• **Brief descriptive captions**
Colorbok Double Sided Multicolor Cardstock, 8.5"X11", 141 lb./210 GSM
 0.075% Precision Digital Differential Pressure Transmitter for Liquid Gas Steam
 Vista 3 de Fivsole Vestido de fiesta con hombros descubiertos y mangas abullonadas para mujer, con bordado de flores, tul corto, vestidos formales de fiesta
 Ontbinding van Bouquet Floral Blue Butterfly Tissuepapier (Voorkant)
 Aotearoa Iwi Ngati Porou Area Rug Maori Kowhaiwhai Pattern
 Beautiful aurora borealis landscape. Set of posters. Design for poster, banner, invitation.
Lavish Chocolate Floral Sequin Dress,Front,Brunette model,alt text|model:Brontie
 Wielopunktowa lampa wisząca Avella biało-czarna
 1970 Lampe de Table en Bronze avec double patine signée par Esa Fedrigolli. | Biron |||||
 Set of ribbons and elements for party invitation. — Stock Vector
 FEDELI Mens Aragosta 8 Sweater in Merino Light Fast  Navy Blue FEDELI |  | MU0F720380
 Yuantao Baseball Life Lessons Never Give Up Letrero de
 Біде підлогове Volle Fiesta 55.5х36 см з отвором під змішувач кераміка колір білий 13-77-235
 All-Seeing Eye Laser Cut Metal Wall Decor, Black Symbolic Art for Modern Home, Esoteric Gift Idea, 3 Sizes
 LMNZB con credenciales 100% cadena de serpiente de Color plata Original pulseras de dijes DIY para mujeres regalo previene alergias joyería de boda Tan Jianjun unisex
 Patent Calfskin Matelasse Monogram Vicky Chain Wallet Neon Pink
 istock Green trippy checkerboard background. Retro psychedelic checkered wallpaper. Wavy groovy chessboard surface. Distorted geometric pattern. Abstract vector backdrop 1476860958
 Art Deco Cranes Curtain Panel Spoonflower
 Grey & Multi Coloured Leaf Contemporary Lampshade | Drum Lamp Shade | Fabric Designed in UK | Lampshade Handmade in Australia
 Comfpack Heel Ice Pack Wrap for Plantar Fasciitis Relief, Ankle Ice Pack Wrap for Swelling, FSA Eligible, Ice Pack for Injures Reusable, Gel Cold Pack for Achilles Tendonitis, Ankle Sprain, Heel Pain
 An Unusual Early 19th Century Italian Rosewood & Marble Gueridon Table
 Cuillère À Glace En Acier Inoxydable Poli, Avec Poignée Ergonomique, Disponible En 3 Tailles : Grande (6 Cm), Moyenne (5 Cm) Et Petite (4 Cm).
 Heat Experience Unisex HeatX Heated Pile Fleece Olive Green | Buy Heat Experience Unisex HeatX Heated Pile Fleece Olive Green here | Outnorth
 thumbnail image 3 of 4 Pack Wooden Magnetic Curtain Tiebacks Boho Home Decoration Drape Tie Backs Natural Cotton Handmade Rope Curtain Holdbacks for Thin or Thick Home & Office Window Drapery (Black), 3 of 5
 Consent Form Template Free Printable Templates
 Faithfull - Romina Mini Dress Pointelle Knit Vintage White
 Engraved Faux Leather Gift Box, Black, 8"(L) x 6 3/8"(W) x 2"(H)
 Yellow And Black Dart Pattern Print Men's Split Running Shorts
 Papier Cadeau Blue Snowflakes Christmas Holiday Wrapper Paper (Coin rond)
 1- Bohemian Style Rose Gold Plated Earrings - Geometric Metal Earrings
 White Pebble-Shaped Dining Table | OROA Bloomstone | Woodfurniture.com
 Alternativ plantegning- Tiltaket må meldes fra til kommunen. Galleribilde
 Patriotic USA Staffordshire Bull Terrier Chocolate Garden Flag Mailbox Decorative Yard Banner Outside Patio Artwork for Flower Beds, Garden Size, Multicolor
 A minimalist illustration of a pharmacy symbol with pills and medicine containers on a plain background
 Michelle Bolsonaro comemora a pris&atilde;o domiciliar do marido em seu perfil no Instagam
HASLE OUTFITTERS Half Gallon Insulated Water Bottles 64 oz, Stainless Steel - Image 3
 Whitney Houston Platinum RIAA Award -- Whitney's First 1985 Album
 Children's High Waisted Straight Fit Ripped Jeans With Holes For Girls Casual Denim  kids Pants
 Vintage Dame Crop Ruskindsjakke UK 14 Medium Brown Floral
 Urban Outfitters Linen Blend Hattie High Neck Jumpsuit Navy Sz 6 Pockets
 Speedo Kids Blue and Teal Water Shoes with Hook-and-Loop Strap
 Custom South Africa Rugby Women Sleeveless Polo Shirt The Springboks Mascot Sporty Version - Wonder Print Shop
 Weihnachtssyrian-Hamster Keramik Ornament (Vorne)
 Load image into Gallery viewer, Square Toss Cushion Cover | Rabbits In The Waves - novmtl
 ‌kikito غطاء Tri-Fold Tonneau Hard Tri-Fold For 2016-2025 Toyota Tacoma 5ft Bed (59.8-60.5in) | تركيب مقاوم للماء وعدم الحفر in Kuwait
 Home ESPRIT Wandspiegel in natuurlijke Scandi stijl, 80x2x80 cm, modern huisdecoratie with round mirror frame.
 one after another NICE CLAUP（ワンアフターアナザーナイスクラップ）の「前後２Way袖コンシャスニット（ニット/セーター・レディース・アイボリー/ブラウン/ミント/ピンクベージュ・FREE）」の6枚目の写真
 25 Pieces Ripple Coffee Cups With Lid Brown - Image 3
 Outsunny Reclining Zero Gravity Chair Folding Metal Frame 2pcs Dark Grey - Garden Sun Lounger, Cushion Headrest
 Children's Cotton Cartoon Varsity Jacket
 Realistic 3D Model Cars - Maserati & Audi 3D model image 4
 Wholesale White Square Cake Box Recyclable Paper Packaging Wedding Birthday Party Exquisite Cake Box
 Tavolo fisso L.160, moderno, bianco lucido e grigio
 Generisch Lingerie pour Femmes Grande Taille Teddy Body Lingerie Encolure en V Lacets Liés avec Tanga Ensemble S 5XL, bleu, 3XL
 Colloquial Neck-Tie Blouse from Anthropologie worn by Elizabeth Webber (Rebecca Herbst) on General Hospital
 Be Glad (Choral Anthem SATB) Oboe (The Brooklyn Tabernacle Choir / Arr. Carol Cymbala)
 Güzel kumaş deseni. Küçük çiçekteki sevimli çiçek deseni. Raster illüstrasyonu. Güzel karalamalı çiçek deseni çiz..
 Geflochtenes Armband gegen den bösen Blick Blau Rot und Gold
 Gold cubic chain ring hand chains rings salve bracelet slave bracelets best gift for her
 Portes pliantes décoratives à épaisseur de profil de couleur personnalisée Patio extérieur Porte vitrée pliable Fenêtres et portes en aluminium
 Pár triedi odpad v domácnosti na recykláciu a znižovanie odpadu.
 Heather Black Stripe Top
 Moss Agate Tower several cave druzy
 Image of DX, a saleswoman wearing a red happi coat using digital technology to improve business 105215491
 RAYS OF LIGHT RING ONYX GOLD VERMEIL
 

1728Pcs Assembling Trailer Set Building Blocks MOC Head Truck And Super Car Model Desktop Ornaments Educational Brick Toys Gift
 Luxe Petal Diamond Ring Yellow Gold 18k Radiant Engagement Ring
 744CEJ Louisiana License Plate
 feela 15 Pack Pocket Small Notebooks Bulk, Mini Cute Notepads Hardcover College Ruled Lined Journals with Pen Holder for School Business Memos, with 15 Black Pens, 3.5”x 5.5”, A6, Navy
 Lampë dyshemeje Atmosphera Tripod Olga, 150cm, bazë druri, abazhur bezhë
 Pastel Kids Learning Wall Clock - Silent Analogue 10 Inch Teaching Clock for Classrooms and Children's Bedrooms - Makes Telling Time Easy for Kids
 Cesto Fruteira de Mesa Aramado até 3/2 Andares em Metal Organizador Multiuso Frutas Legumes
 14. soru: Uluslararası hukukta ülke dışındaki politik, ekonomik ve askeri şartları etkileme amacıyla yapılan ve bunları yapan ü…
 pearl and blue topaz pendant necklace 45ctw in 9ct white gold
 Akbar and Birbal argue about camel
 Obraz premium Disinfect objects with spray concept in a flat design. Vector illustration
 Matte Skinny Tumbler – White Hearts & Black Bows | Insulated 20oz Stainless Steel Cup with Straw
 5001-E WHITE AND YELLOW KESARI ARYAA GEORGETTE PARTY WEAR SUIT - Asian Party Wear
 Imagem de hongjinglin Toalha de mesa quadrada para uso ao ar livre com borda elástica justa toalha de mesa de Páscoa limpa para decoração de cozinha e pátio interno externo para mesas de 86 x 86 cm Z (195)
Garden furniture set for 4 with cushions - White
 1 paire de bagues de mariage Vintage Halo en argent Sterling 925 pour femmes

• **Your task**
Restate word for word only the lines above from the line containing "All-Seeing Eye Laser" to the line containing "1- Bohemian Style", both of them included.

• **Output of the exercise**
 All-Seeing Eye Laser Cut Metal Wall Decor, Black Symbolic Art for Modern Home, Esoteric Gift Idea, 3 Sizes
 LMNZB con credenciales 100% cadena de serpiente de Color plata Original pulseras de dijes DIY para mujeres regalo previene alergias joyería de boda Tan Jianjun unisex
 Patent Calfskin Matelasse Monogram Vicky Chain Wallet Neon Pink
 istock Green trippy checkerboard background. Retro psychedelic checkered wallpaper. Wavy groovy chessboard surface. Distorted geometric pattern. Abstract vector backdrop 1476860958
 Art Deco Cranes Curtain Panel Spoonflower
 Grey & Multi Coloured Leaf Contemporary Lampshade | Drum Lamp Shade | Fabric Designed in UK | Lampshade Handmade in Australia
 Comfpack Heel Ice Pack Wrap for Plantar Fasciitis Relief, Ankle Ice Pack Wrap for Swelling, FSA Eligible, Ice Pack for Injures Reusable, Gel Cold Pack for Achilles Tendonitis, Ankle Sprain, Heel Pain
 An Unusual Early 19th Century Italian Rosewood & Marble Gueridon Table
 Cuillère À Glace En Acier Inoxydable Poli, Avec Poignée Ergonomique, Disponible En 3 Tailles : Grande (6 Cm), Moyenne (5 Cm) Et Petite (4 Cm).
 Heat Experience Unisex HeatX Heated Pile Fleece Olive Green | Buy Heat Experience Unisex HeatX Heated Pile Fleece Olive Green here | Outnorth
 thumbnail image 3 of 4 Pack Wooden Magnetic Curtain Tiebacks Boho Home Decoration Drape Tie Backs Natural Cotton Handmade Rope Curtain Holdbacks for Thin or Thick Home & Office Window Drapery (Black), 3 of 5
 Consent Form Template Free Printable Templates
 Faithfull - Romina Mini Dress Pointelle Knit Vintage White
 Engraved Faux Leather Gift Box, Black, 8"(L) x 6 3/8"(W) x 2"(H)
 Yellow And Black Dart Pattern Print Men's Split Running Shorts
 Papier Cadeau Blue Snowflakes Christmas Holiday Wrapper Paper (Coin rond)
 1- Bohemian Style Rose Gold Plated Earrings - Geometric Metal Earrings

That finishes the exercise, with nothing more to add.